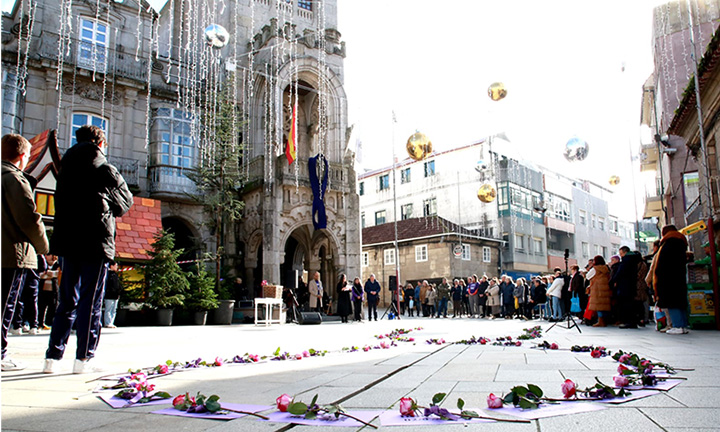 O Porriño inaugura a praza 25N nun acto cheo de memoria e compromiso contra a violencia machista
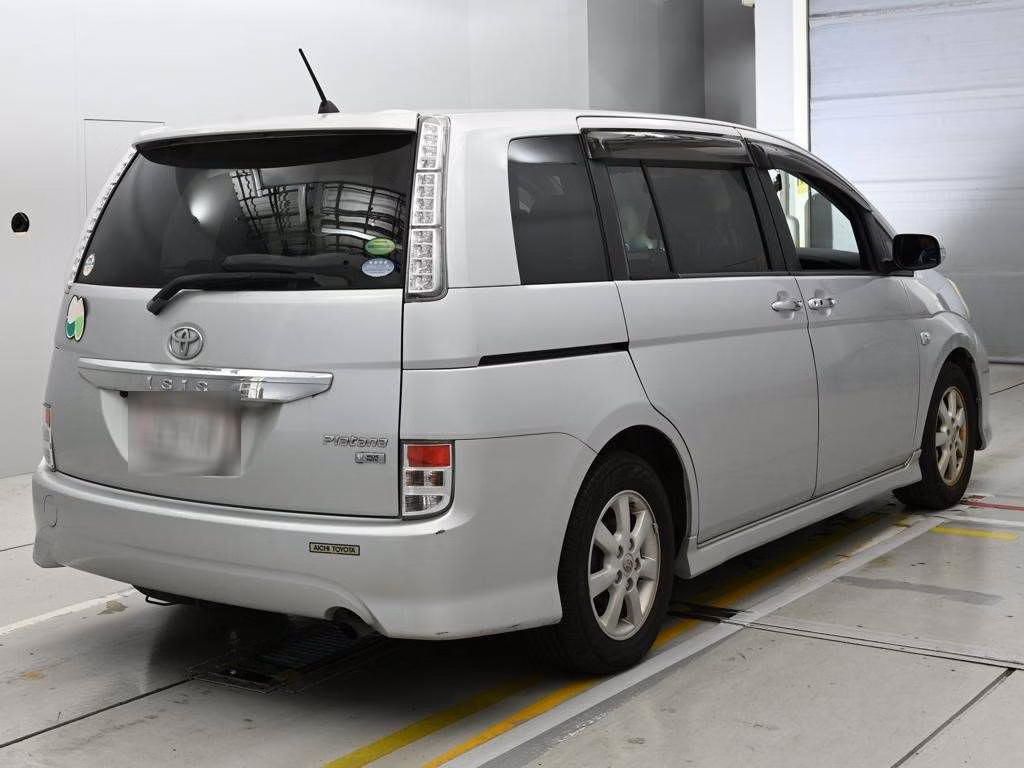 TOYOTA ISIS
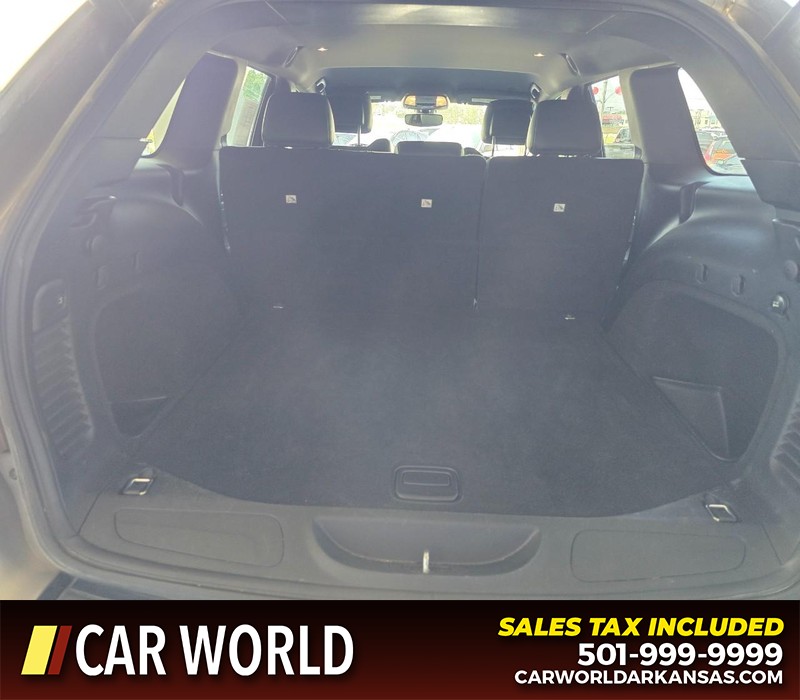 Jeep Grand Cherokee Vehicle Full-screen Gallery Image 13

**YOUR GOAL**
Your copy must repeat the data word for word and show none of its images.

**RESPONSE TO THE TASK**
 O Porriño inaugura a praza 25N nun acto cheo de memoria e compromiso contra a violencia machista
 TOYOTA ISIS
 Jeep Grand Cherokee Vehicle Full-screen Gallery Image 13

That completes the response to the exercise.